Silencioso, de rostro amable y sonrisa franca, Juancho Álvarez es también un estudioso de las tendencias musicales del mundo, lo que, a fin de cuentas, ha explotado para tejer el sonido de las agrupaciones que han pasado por sus manos, siendo el más reconocido el que logró con Barbacoa Orquesta, tal vez ignorando que estaba coincidiendo con los nuevos prospectos de la música tropical del gran Caribe.
Durante el boom de los ochentas, en Cartagena hubo instantes en que todo el mundo parecía tener la certeza de que Barbacoa era la mejor orquesta de la ciudad, no solo por los éxitos que estaban sonando en las emisoras, sino también por la elegancia de sus presentaciones, la creatividad de sus coreografías y el sonido depurado que había entre pitos y teclados, cualidades que le permitían amenizar las fiestas de los más encumbrados salones de la alta sociedad y los desórdenes más afiebrados de una celebración popular.
Voces como la de Arnold Medrano, William Orozco y Martín “El Tetero” González acompañaban a Juan Álvarez desde que la orquesta comenzó llamándose Corcovado, pasando por los premios del Festival de Orquestas del Carnaval de Barranquilla y terminando en la grabación de más de media docena de discos de larga duración, que ocuparon los primeros puestos de sintonía en las emisoras del país.
La sala de la casa de Juan Álvarez, en el barrio Crespo, era el espacio de los ensayos de la orquesta.
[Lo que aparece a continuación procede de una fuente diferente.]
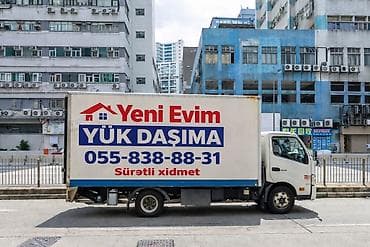 ucuz yük daşıma xidmeti: YENİ EVİM YÜK DAŞIMA — 2
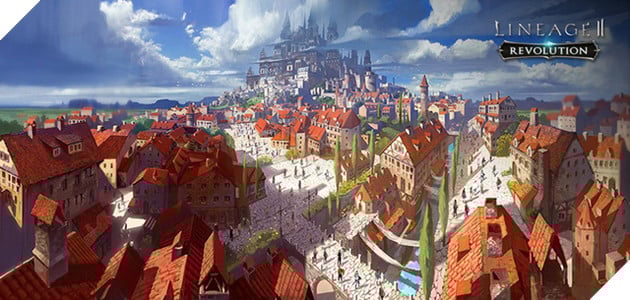 Lineage 2: Revolution mở đăng ký phiên bản toàn cầu, game thủ Việt có thể tham gia ngay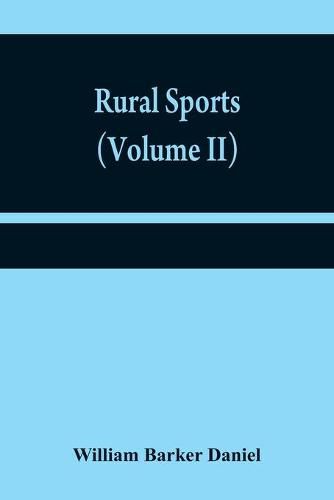 Cover image for Rural sports (Volume II)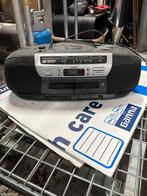 Aiwa Radio Cassette Recorder met CD-speler, Gebruikt, Ophalen of Verzenden, E, H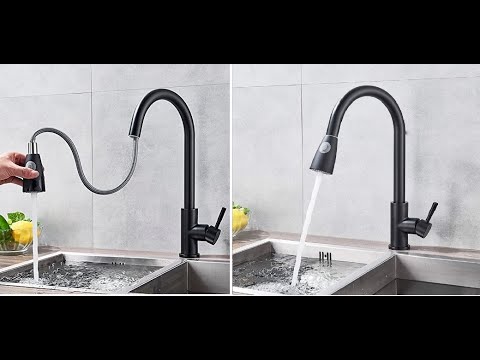 Swan Neck Tap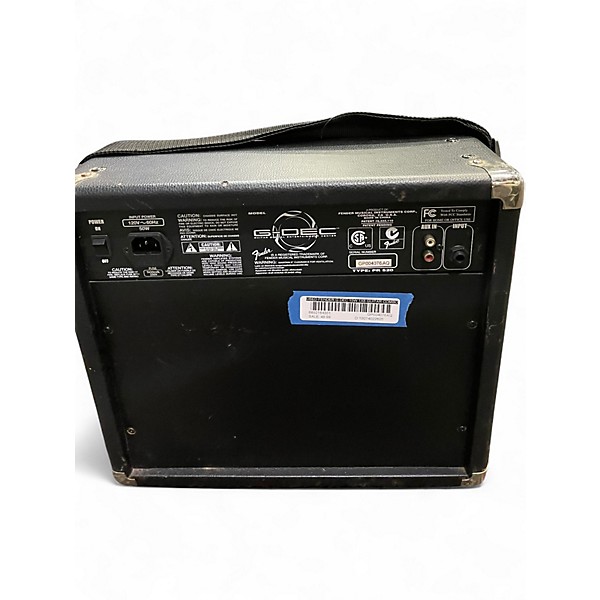 Used Fender G Dec 15W 1X8 Guitar Combo Amp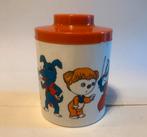 Vintage potje Beertje Colargol!, Huis en Inrichting, Ophalen of Verzenden, Gebruikt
Ahora, el consagrado director vive en uno de esos caserones inmensos y elegantes del barrio Chipre, en donde tiene reservado un cuarto para exhibir las carátulas de los discos que logró compactar con su orquesta, a la vez que los trofeos, menciones honoríficas y placas que ha seguido recibiendo por su labor musical y sus aportes a la cultura costeña.
El garaje de la residencia también está habilitado como zona de ensayos de la orquesta, aunque gran parte de su tiempo, Juancho Álvarez lo dedica a la dirección de la Kalamary Big Band, proyecto cultural perteneciente a una fundación que recibe el mismo nombre y de la que él es el fundador y director ejecutivo.
Las canciones que hizo famosas con Barbacoa Orquesta siguen ocupando lugares de importancia entre los clásicos de la música tropical colombiana, sobre todo porque sus músicos, bajo la orientación de Álvarez Altafulla, se atrevieron a echar mano de los fraseos del jazz y de las tendencias europeas, para no solo hacer mover los pies sino también estremecer el alma de los oyentes.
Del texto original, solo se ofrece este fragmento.